Last month Governor Edward Rendell wrote an opinion piece supporting an increase to the existing SREC program in Pennsylvania. The Bill is currently off the table, but will likely resurface later this year. Though we are hopeful that Pennsylvania steps up its solar goals, this Bill, as written sets a scary precedent: it essentially disqualifies any solar facilities from out-of-state that have been previously approved to generate and sell SRECs in the Pennsylvania market.
There is no doubt that the Solar Renewable Energy Certificate programs in Pennsylvania and other states, such as New Jersey, have been a major catalyst for solar development. Despite the success of these programs, one key challenge remains prominent in the daily efforts of installers and integrators looking to develop projects: long-term SREC financing. This is particularly the case for larger projects that require lending from banks. Without a long-term SREC project with an accredited buyer, many of these projects do not get done. Load-serving entities are the only credit worthy counter-parties in this market since they ultimately need to buy the SRECs to comply with state laws. The problem is that they only have short-term electricity supply contracts into the state and therefore are loath to enter into long-term SREC contracts for risk of exposure to the liability should their electricity supply contracts not be renewed.
Meanwhile, the only projects getting done on a regular basis are small commercial and residential systems that are finance-able without long-term SREC contracts. Absent a long-term SREC contract, the key to the success of the solar industry in Pennsylvania and other states with similar programs is the faith that the solar owners and financiers place on the SREC market. It is all too easy for someone to walk away from a solar investment because he or she does not trust the government to stand behind the law that created the market-based SREC program. This is why when Maryland, Delaware and New Jersey recently updated their SREC laws to increase the requirements and raise the fines, the greatest outcome of these changes was not the quantitative effect but the impact it had on the psyche of the industry. These three states all said loud and clear that the SREC program is here and it is here to stay.
Pennsylvania, in many ways, is doing the same with House Bill 2405 by setting a schedule of fines and increasing requirements. However, there is one piece of the legislation that is a step back for the solar industry in general. When the original SREC program was created in 2004, the law included SRECs from out-of-state facilities. In a pragmatic move to place an emphasis on the local Pennsylvania solar industry, the new Bill, if passed would exclude out-of-state facilities. This is a perfectly fine change for solar projects moving forward… and it may actually be a good thing for the PA SREC market.

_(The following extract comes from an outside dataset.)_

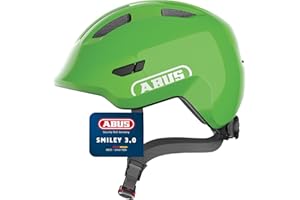 ABUS Smiley 3.0 children's helmet - bike helmet with a low fit, child-friendly designs & space for a pigtail - for girls and boys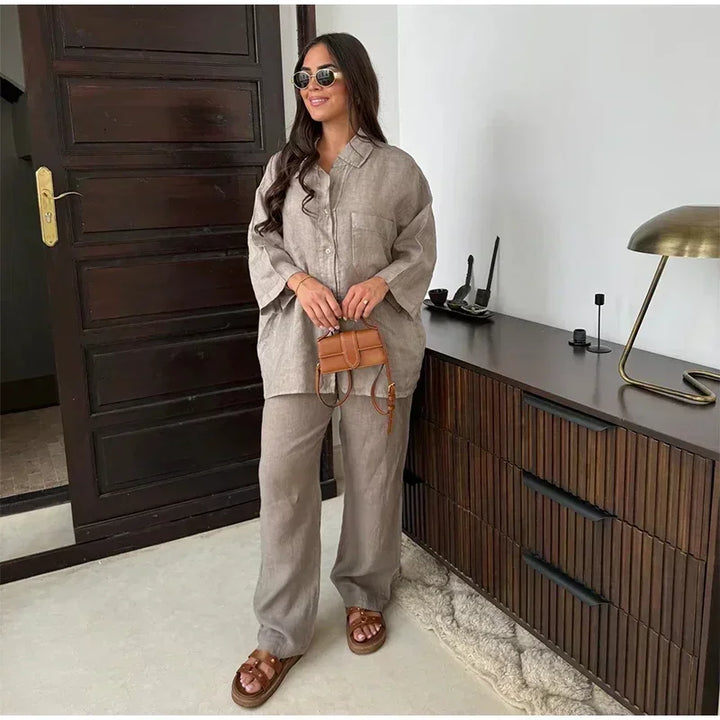 Juna Linen Relaxed Set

However, as written, the Bill would also exclude out-of-state facilities that have already been financed, built and certified by the Pennsylvania AEPS Program to sell SRECs in the state’s market. These are solar facilities that have been financed to produce SRECs for the Pennsylvania state market, expecting the payback to come from the proceeds of these sales. They will be shut out of the Pennsylvania SREC market.
Now if you’re a PA resident or legislator, you may not care since it really does not affect you in any tangible way. Out-of-state facilities increase supply, driving cost down, but excluding them opens up opportunity for local solar projects. If you’re a PA installer, you will likely be happy just to have it passed as it will be a great thing for the PA solar industry. However, if you are a solar industry advocate in general and/or someone with a penchant for fairness, you are probably holding your breath alongside the solar owners and installers in Virginia, West Virginia and other states that have been lured to solar by Pennsylvania state law.
It would be a setback to SREC programs everywhere to see the first real example of a change to a state law promoting SRECs that leaves its earlier adopters in the dark. Though we’re hoping for an improved solar legislation in Pennsylvania, we are rooting for legislators to not only do what is good for SREC markets, but also what is just plain right for the people who have made an investment based on the 2004 law. The implementation challenges won’t get any easier if you give the skeptics a reason to doubt the program.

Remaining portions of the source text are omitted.